Because this survey included sensitive questions, the authors took the wise step of providing a resource page that included not only information about how to find a local counselor but also contact information for a 30-year paramedic who was a licensed counseling associate and could provide profession-specific counseling.
Results
A total of 686 individuals participated in the CF portion of the survey. Overall, 48% were identified as likely having CF. The percentages of males (51%) and females (49%) with CF were similar. There were 86% of the study population categorized as Caucasian, 6% African American, 2% American Indian or Alaskan Native, and 1% Asian American or Pacific Islander. Five percent were of 2 or more races, and 1% were categorized as other. The study did not report data on ethnicity.
In the study population the prevalence of CF was significantly higher for those who were African American or identified as 2 or more races. Paramedics had a prevalence of CF. Years of experience was also significant, with a 20%–40% increase in CF between years 6–20. Full-time EMS employment was also significant, and those with CF had, on average, shifts that were 1.2 hours longer compared to those who did not have CF. However, there was no difference between the groups regarding the resources available to EMS personnel when a critical incident was experienced.

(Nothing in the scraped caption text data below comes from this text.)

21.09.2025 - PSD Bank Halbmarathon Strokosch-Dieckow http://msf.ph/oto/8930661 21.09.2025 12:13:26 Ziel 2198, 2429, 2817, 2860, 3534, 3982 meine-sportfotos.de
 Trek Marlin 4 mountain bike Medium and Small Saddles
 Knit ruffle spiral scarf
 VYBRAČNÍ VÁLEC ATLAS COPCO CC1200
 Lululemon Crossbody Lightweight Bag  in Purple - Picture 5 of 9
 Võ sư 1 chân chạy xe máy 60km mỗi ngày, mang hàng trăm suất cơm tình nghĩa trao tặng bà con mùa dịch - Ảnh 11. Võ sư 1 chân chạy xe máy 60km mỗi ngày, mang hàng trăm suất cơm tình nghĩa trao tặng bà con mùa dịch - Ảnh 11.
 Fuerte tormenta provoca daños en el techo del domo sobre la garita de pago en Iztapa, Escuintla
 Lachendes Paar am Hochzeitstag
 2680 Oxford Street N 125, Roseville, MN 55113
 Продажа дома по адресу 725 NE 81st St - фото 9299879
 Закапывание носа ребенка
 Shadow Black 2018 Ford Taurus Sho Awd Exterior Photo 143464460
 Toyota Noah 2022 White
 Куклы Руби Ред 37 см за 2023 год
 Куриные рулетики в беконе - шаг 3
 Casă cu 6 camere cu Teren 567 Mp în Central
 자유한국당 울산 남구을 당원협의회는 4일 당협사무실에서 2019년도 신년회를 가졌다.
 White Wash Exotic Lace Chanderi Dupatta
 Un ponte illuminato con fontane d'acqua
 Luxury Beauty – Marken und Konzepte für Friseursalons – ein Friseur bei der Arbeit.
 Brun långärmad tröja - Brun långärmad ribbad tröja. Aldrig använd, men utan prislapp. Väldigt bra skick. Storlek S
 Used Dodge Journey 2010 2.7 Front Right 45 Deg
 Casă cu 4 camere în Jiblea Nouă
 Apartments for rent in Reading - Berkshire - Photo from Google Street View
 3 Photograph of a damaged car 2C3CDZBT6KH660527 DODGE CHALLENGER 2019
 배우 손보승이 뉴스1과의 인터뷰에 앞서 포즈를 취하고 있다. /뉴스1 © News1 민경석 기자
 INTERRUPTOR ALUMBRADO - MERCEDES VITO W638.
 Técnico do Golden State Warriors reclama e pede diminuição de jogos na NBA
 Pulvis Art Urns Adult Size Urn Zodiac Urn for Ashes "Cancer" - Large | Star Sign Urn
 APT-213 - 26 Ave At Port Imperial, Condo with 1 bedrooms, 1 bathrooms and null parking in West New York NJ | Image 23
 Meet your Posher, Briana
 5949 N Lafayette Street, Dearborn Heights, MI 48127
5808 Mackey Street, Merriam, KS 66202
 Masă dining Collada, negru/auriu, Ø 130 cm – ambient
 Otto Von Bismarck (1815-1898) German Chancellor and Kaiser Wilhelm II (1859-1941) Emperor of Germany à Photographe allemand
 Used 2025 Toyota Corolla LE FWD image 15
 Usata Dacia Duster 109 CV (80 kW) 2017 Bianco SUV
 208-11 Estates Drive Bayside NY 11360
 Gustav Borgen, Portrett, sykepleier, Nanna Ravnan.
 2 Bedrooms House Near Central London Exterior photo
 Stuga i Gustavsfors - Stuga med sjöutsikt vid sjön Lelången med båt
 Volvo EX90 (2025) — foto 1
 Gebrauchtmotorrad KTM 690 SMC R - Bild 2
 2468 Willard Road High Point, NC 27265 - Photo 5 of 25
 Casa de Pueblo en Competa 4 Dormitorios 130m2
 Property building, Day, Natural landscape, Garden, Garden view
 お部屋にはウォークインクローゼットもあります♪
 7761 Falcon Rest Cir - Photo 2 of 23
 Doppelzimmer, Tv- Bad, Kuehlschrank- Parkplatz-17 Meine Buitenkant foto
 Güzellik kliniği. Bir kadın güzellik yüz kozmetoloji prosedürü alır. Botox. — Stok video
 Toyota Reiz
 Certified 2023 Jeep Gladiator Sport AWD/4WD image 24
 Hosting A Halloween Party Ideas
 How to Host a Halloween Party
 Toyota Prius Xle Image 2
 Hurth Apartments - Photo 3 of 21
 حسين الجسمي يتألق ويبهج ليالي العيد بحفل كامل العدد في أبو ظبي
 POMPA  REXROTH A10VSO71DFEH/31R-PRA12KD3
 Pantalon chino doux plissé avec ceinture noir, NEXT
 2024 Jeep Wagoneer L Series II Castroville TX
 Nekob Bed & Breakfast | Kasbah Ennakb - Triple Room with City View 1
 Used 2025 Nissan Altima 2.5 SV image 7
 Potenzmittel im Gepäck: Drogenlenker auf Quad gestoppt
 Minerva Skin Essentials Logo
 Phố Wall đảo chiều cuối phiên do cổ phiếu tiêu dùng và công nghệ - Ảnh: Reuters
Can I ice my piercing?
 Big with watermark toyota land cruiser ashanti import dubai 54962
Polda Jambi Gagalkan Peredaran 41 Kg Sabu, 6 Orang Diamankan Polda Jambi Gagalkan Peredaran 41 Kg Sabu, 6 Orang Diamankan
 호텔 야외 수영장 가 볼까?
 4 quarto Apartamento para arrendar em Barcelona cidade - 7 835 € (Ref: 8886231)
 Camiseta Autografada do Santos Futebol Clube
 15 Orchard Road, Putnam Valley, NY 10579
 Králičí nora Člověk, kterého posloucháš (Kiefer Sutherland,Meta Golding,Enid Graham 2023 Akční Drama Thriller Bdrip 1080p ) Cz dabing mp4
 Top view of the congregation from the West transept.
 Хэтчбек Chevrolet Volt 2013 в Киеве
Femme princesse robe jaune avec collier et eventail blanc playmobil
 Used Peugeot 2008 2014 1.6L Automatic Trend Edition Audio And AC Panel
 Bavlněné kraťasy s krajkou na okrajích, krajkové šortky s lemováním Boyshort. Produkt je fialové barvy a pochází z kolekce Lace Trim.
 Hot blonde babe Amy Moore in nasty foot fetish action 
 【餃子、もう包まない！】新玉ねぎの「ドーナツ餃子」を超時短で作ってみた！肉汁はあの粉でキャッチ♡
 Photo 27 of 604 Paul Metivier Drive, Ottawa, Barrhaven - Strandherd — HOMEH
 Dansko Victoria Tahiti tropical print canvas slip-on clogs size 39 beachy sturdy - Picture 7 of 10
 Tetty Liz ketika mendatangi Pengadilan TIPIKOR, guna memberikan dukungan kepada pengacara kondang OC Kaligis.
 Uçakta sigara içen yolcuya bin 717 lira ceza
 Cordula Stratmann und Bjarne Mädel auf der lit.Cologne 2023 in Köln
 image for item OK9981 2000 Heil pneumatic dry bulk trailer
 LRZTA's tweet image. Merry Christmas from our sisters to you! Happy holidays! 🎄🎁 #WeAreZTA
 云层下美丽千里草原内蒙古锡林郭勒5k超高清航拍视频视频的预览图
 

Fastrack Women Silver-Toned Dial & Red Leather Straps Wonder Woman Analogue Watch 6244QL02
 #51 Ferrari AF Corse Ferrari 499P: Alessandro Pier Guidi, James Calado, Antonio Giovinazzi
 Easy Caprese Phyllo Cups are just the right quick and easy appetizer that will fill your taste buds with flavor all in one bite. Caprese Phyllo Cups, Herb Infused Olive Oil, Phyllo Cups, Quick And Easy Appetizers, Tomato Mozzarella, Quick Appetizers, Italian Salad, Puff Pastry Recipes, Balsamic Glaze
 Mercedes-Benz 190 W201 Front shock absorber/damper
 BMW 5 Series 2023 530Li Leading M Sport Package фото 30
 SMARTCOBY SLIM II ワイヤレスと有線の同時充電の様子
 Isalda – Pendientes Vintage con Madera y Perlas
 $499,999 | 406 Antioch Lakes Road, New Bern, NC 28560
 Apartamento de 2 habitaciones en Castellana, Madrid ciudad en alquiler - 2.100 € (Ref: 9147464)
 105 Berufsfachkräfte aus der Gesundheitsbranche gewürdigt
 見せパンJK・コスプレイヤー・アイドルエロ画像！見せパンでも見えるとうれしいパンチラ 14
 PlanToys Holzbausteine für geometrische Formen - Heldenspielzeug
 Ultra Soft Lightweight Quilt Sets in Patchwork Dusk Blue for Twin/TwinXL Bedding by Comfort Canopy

Childhood trauma was also more prevalent among EMS professionals with CF. Those with CF had an average score on the Adverse Childhood Experiences questionnaire that was nearly a full point higher than those without CF.
Multivariable logistic regression adjusted for gender, race, credential level, employment-related factors, field experience, and previous history of childhood trauma. After adjustment only African American race (aOR 3.10, 95% CI 1.32–7.29) and the employment-related factors of vicarious trauma (aOR 4.61, 95% CI 3.13–6.79) and burnout (aOR 3.35, 95% CI 2.27–4.95) remained significantly associated with CF. The experience of a coworker suicide was borderline significant (aOR 1.48, 95% CI 1.00–2.19).
Limitations to this study included only using data from one state. It is also likely that those who chose to participate were somehow different from those who chose not to participate. Nevertheless, this was an important study that found nearly half of respondents could be categorized as having CF. There were important findings related to African American race, and the authors noted this may be due to more than just working in EMS, such as racism-related stress. This is an important finding that describes a clear disparity and should be studied further.
I congratulate the authors on publishing this important work. It is important that our research focuses not just on the health and safety of our patients but also on taking care of ourselves. I hope you have an opportunity to read this manuscript in its entirety; it also contains important findings related to the severity of CF in this population.
Antonio R. Fernandez, PhD, NRP, FAHA, is a research scientist at ESO and serves on the board of advisors of the Prehospital Care Research Forum at UCLA.